In the entries below, begin at the line that has "dark background 68948705", stop after the line that has "Image shows circular", and output those lines exactly with no pictures.

- **Source records**
——

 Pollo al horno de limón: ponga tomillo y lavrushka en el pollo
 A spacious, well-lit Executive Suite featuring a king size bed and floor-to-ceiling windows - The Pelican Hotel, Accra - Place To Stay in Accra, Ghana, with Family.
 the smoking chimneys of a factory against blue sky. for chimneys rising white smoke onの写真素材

——

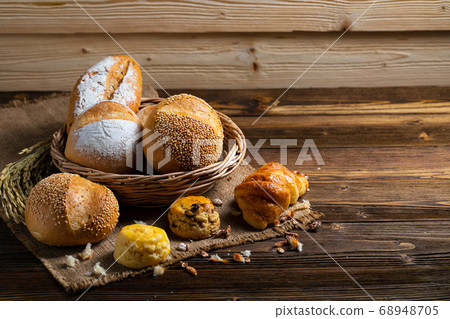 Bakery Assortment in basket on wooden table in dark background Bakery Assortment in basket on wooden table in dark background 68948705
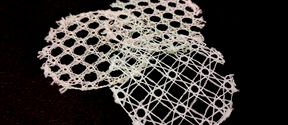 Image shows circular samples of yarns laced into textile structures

——

- **Exercise solution**
 Bakery Assortment in basket on wooden table in dark background Bakery Assortment in basket on wooden table in dark background 68948705
 Image shows circular samples of yarns laced into textile structures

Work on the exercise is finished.